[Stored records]
● ● ●
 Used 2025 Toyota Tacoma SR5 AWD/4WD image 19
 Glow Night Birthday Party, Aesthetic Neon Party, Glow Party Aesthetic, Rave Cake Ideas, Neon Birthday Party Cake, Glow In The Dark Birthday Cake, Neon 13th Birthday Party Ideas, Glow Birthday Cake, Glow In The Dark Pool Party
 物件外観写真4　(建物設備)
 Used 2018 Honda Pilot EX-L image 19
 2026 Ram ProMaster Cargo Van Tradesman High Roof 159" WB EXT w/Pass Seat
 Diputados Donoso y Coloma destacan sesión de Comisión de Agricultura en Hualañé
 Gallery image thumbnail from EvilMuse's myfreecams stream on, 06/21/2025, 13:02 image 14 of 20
● ● ●
**YOUR OBJECTIVE**
Among the lines above, show every one that contains the string "Used".

**ANSWER SPACE**
 Used 2025 Toyota Tacoma SR5 AWD/4WD image 19
 Used 2018 Honda Pilot EX-L image 19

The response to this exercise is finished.